Line by line, output everything from the one that contains "A young mother" through the end of the material below, exactly as written and with no pictures.

__GIVEN DATA__
---
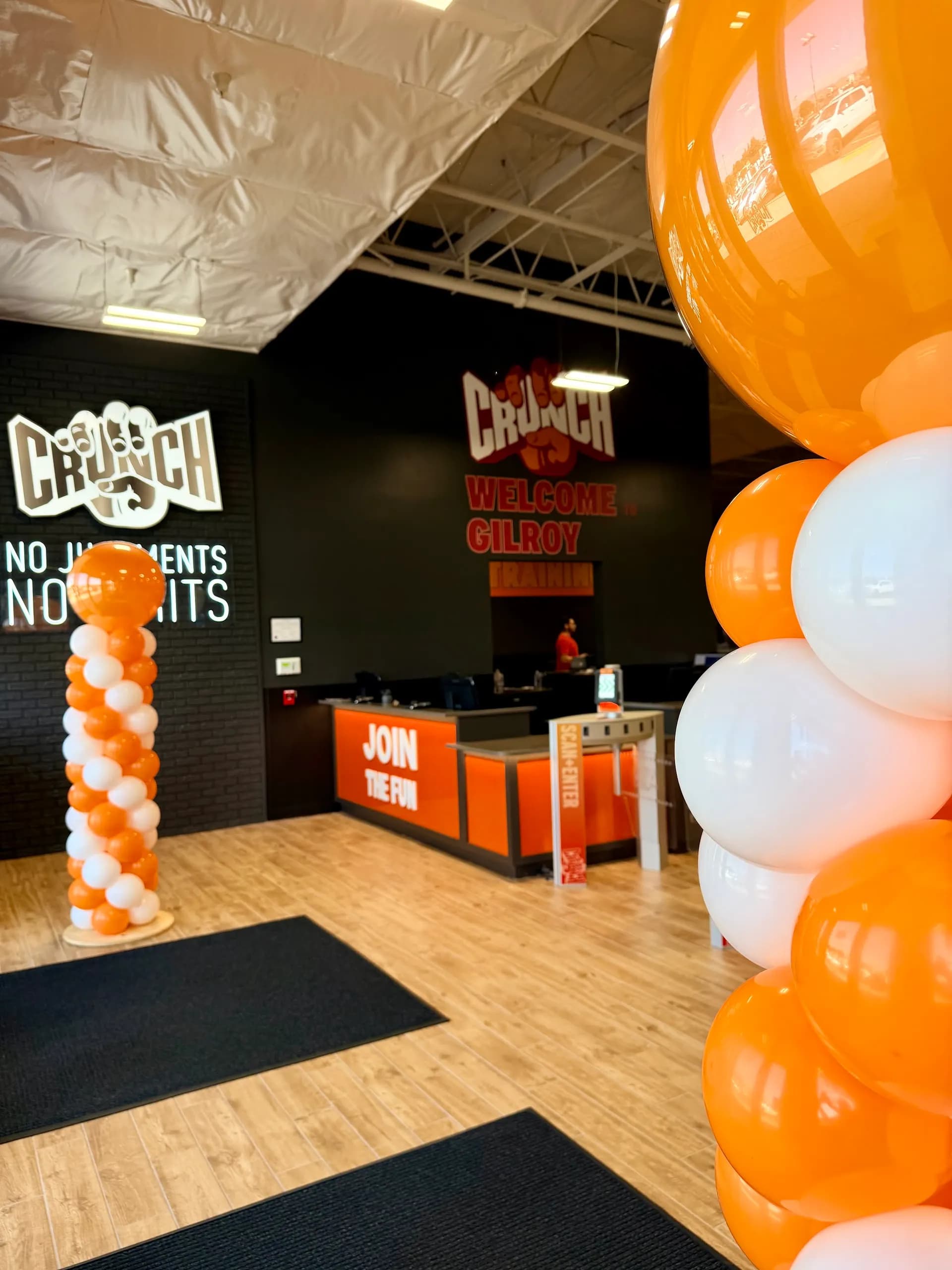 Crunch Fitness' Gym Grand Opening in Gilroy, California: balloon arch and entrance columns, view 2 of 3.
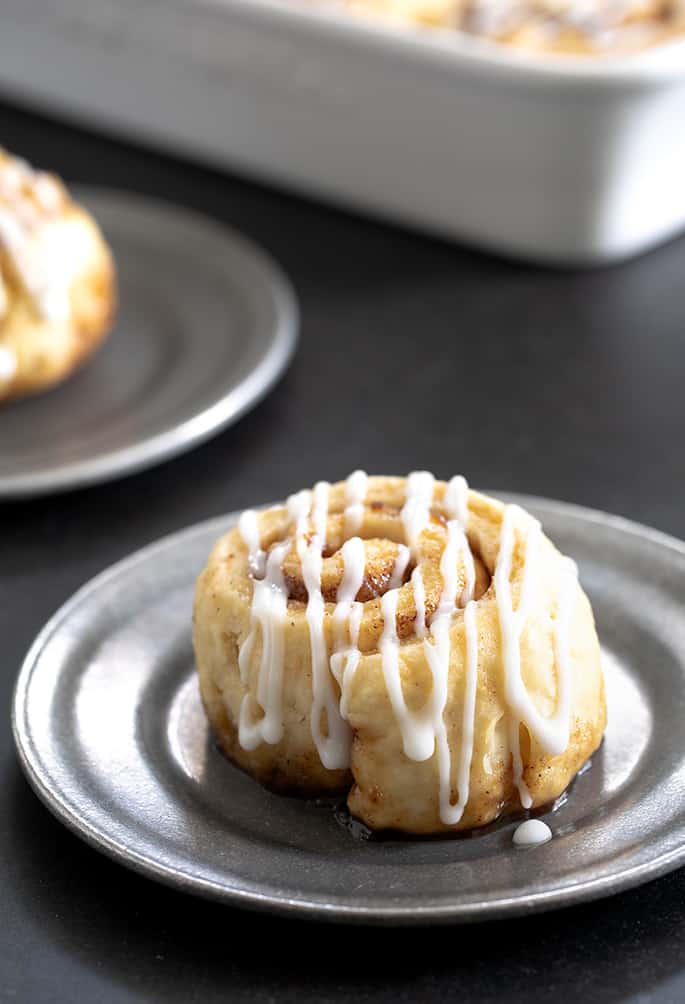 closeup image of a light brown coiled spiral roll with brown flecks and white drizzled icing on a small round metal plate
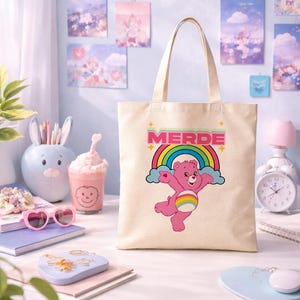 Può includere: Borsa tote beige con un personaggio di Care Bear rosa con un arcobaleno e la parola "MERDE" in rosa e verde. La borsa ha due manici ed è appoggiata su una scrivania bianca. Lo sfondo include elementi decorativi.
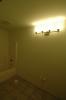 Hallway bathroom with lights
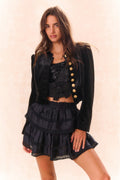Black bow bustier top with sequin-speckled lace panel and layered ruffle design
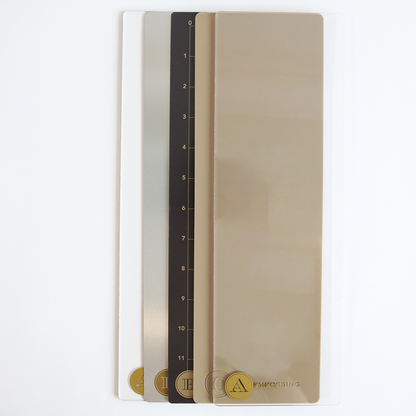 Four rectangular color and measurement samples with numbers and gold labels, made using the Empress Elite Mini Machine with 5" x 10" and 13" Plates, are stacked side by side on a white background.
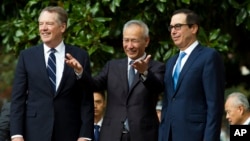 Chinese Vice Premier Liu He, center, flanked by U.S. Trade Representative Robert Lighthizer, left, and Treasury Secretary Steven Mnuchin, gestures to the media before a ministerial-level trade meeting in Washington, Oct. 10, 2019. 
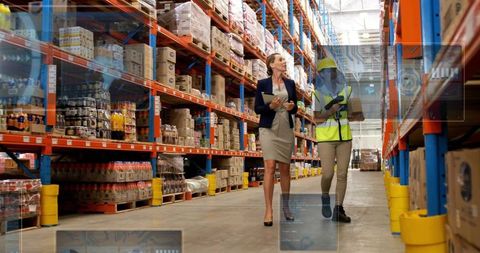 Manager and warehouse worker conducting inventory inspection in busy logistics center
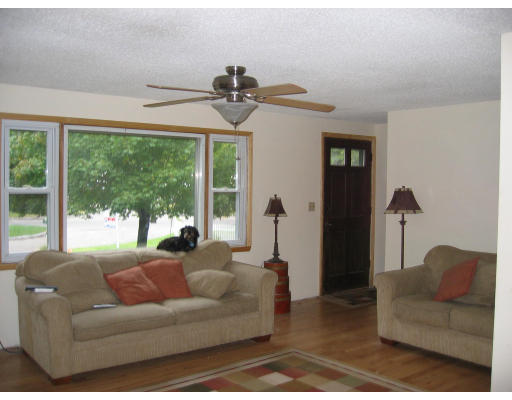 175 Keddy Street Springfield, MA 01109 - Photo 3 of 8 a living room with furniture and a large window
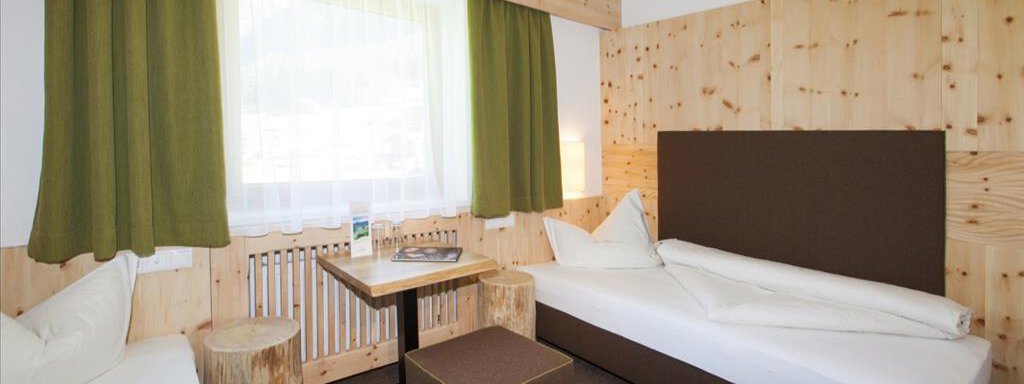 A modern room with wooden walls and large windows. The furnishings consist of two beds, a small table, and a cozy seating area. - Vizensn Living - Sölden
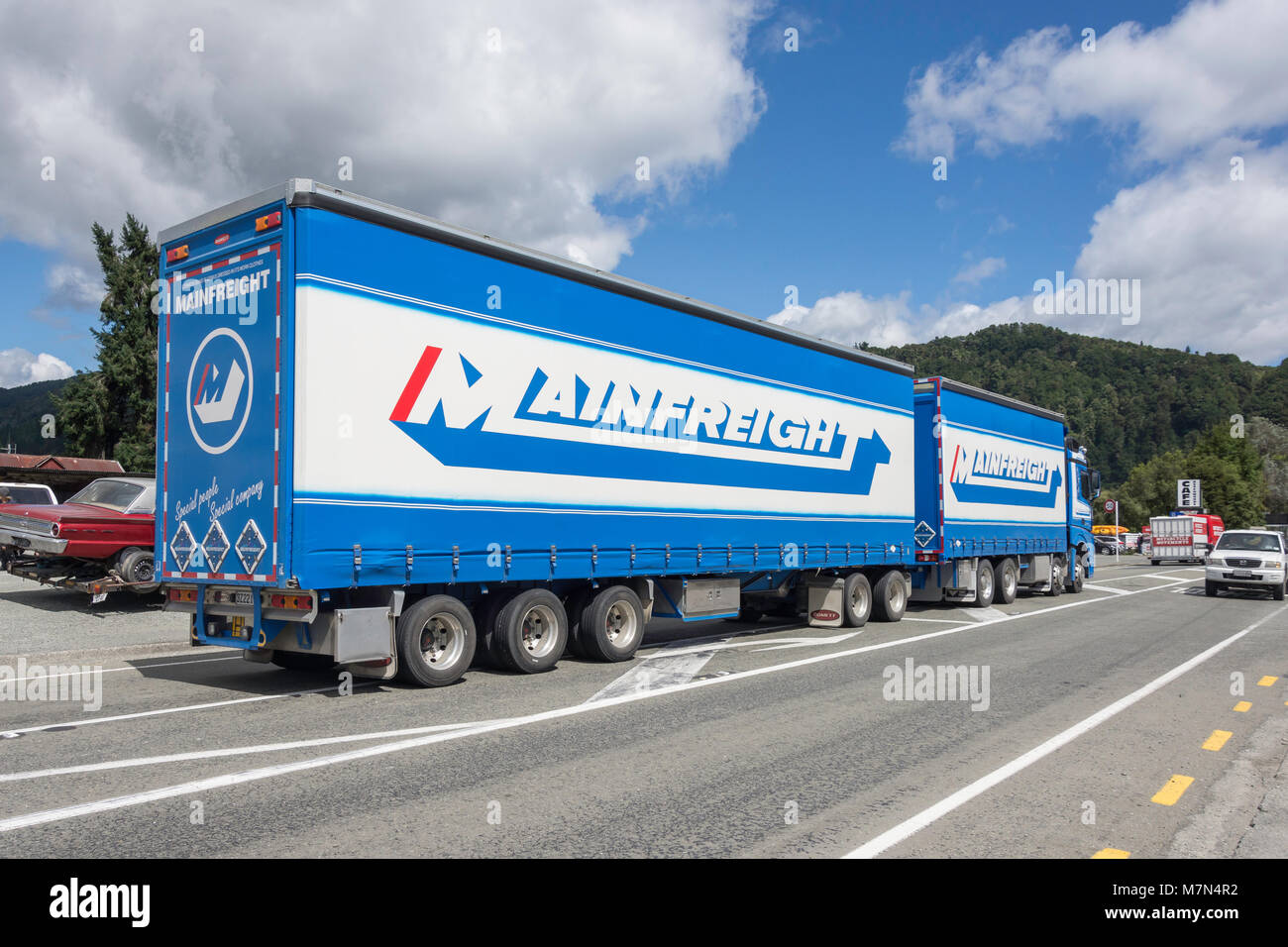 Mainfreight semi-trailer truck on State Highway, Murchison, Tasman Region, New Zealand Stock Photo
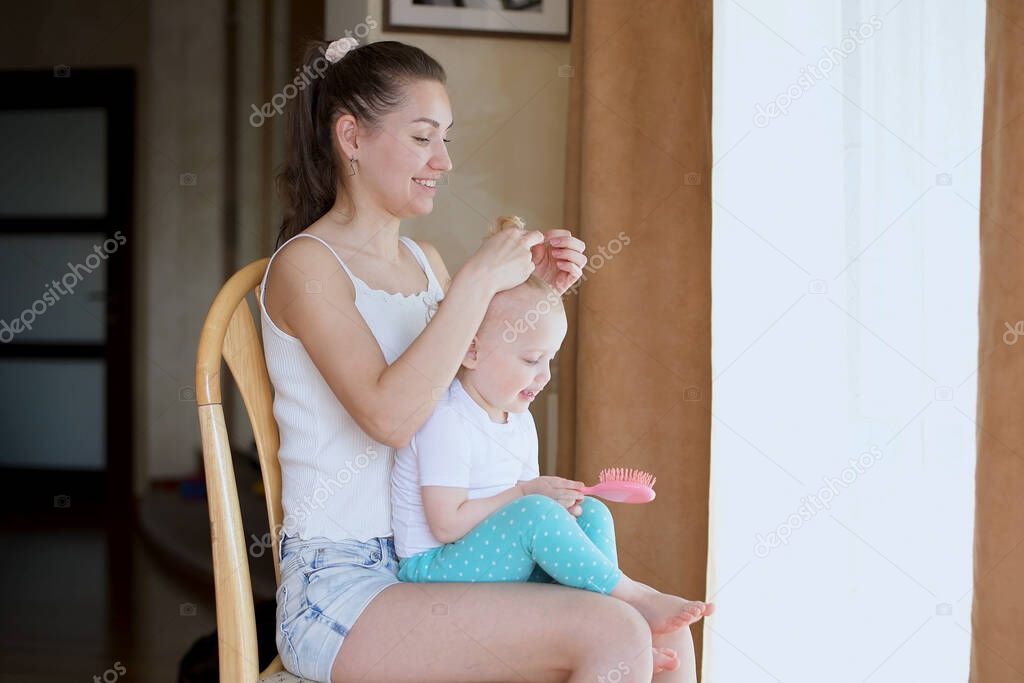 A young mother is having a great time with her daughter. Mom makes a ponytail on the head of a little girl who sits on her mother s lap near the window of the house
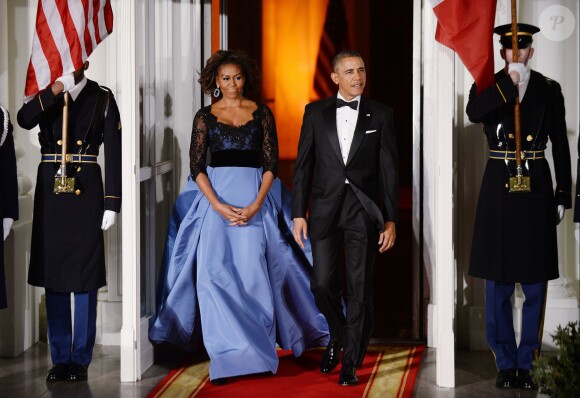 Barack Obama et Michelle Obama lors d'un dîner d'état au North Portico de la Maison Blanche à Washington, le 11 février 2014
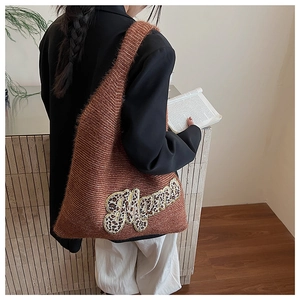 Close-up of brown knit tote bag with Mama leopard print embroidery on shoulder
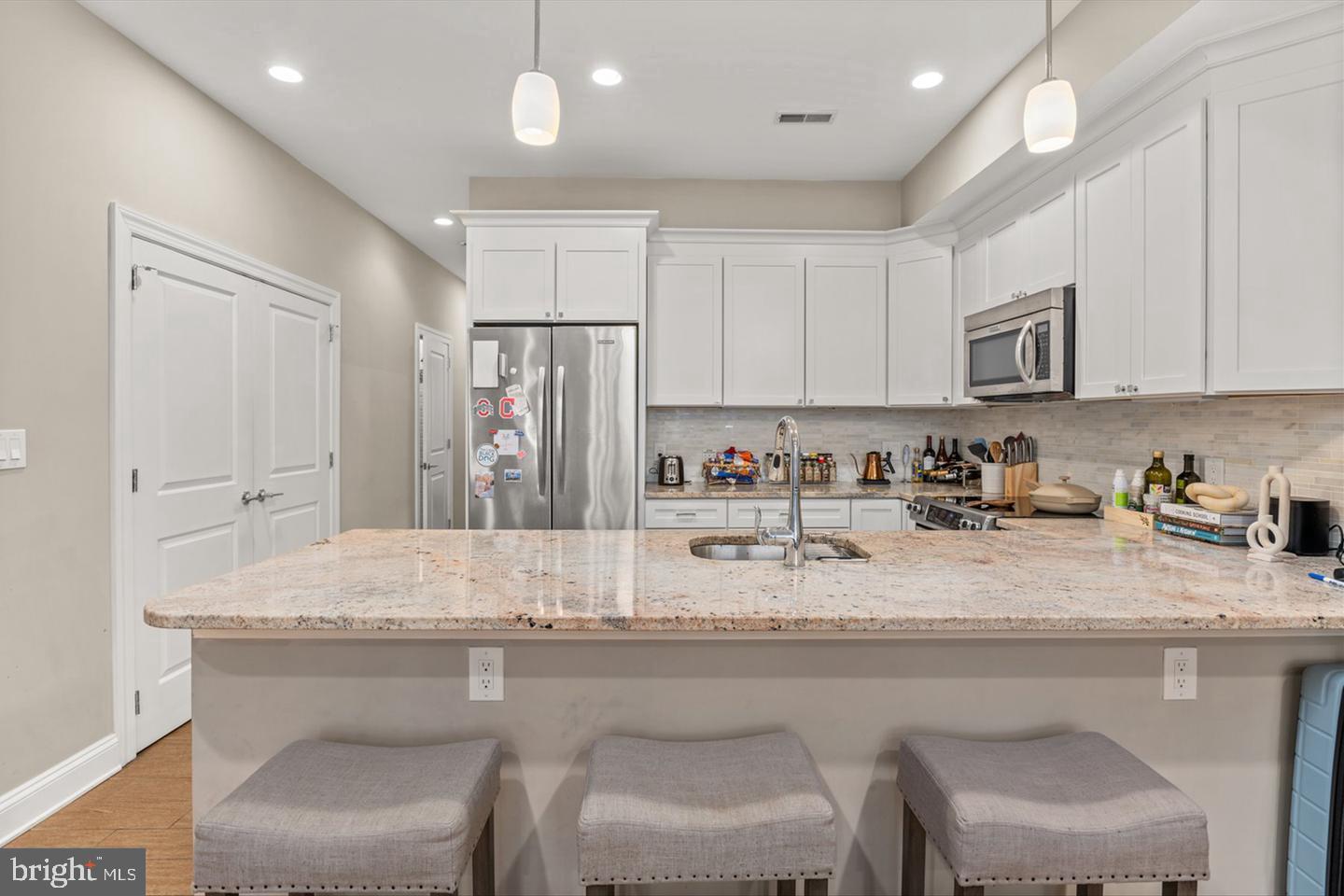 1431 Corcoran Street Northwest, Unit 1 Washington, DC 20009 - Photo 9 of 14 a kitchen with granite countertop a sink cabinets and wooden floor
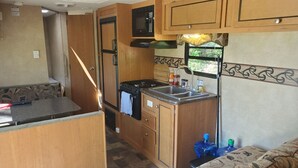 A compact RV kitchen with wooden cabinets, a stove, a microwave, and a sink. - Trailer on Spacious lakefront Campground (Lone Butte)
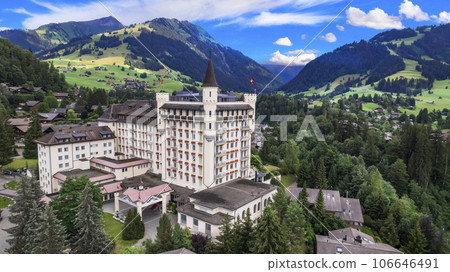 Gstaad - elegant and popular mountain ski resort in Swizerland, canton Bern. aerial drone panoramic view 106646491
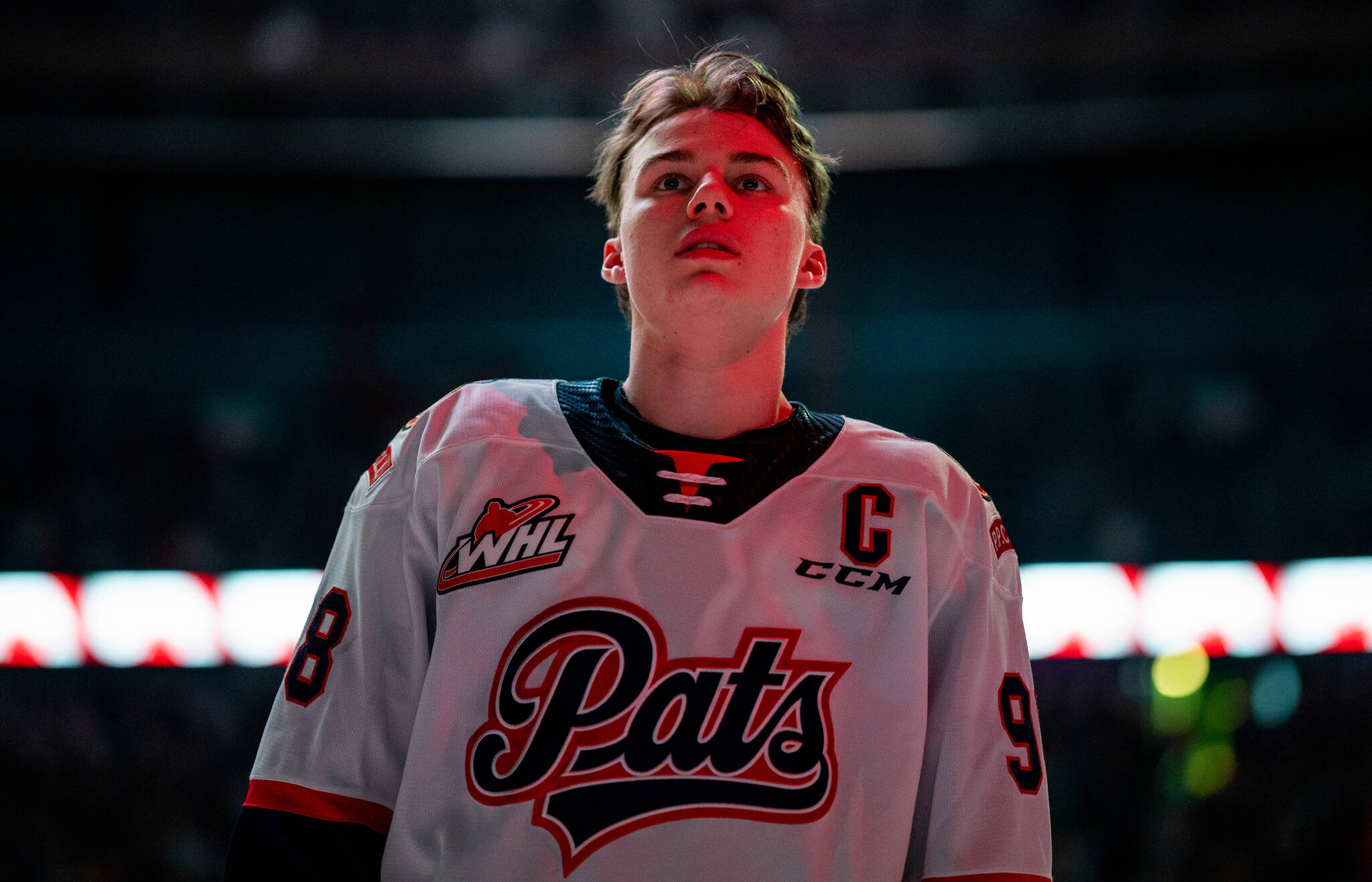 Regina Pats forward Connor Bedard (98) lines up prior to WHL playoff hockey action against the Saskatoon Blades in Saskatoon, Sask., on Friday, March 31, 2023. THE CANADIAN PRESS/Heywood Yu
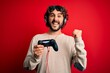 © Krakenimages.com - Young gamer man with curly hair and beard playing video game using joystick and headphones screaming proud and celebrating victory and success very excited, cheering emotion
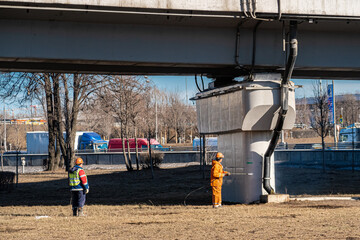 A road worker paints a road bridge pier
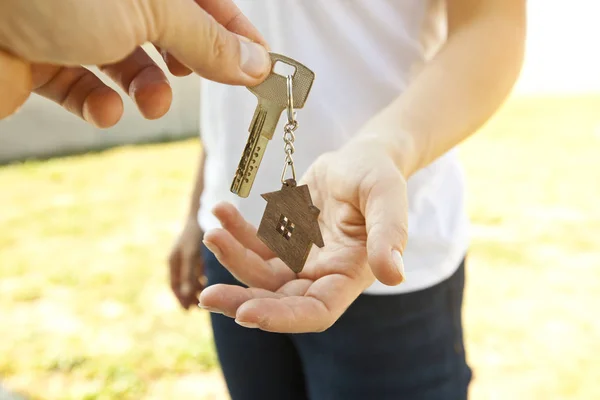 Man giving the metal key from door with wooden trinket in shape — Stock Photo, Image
---
__SOLUTION TO THE PROBLEM__
 A young mother is having a great time with her daughter. Mom makes a ponytail on the head of a little girl who sits on her mother s lap near the window of the house
 Barack Obama et Michelle Obama lors d'un dîner d'état au North Portico de la Maison Blanche à Washington, le 11 février 2014
 Close-up of brown knit tote bag with Mama leopard print embroidery on shoulder
 1431 Corcoran Street Northwest, Unit 1 Washington, DC 20009 - Photo 9 of 14 a kitchen with granite countertop a sink cabinets and wooden floor
 A compact RV kitchen with wooden cabinets, a stove, a microwave, and a sink. - Trailer on Spacious lakefront Campground (Lone Butte)
 Gstaad - elegant and popular mountain ski resort in Swizerland, canton Bern. aerial drone panoramic view 106646491
 Regina Pats forward Connor Bedard (98) lines up prior to WHL playoff hockey action against the Saskatoon Blades in Saskatoon, Sask., on Friday, March 31, 2023. THE CANADIAN PRESS/Heywood Yu
 © Krakenimages.com - Young gamer man with curly hair and beard playing video game using joystick and headphones screaming proud and celebrating victory and success very excited, cheering emotion
 A road worker paints a road bridge pier
 Man giving the metal key from door with wooden trinket in shape — Stock Photo, Image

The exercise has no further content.